Kamath in a tweet shared how married Hindus can increase their tax savings through the Hindu Undivided Family (HUF) route.
“If you’re married and a Hindu, you can use an HUF to plan and save your taxes. HUF is treated as a separate entity, so all these deductions will apply separately to HUF along with the individual deductions,” he wrote on X.
The Zerodha CEO also suggested transferring rental income from property to HUF and opening a demat account in the name of the HUF, among others as a few ways to claim more tax benefits.

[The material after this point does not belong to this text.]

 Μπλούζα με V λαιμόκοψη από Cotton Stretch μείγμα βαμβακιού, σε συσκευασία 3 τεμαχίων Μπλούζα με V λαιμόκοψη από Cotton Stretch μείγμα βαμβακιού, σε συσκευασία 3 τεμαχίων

“So, transferring any property yielding rental income to the HUF, opening a Demat account in the HUF name, transferring money to the HUF bank account, accepting gifts, etc.” he added.
Along with his tweet, Kamath also shared a detailed video link to help his followers, especially married Hindus, understand the use of HUF for planning and saving taxes.
As the Zerodha CEO shared the key details before the 31 March tax deadline, social media users also reacted to the same. Former IAS officer KBS Sidhu, while recommending married couples to create an HUF, wrote, “It is a common misimpression that a person needs to be blessed with a son to be able to form an HUF. Moreover, people following the religions of Sikhism, Jainism, and Buddhism are also eligible for the benefit of HUF.”
DazeInfo CEO wrote, “Say goodbye to tax woes and hello to financial freedom with HUF! Married Hindus, take note: HUF isn’t just a tax-saving strategy, it’s a game-changer. By leveraging its benefits, you can take control of your finances and secure a brighter future.”
Hindu Undivided Family and Tax Benefits
A Hindu Undivided Family, or HUF, is basically a family consisting of lineal descendants, including wives and unmarried daughters from a common ancestor. As HUFs are treated as separate legal entities under the income tax law in India, they are offered a number of tax benefits, besides the tax deductions allowed to individual members.
While the head of the family, also known as ‘karta’, leads the HUF, other members are coparceners. A HUF can be formed with just two members, say the husband and wife; however, the wife is considered a member and not a coparcener. For tax purposes, one must have at least two coparceners.
An HUF can claim deductions under Section 54, Section 54B, Section 54D, Section 54EC, Section 54F, Section 54G, and Section 47 of the Income Tax Act, 1961.
You have to get a separate PAN and open a bank account in the name of the HUF to claim the income tax benefits. Recognised as a separate entity under the Income Tax Act of 1961, a separate income tax return (ITR) should be filed in the name of the HUF.
It’s important to note that an HUF can only be set up by Hindu, Buddhist, Sikh and Jain families.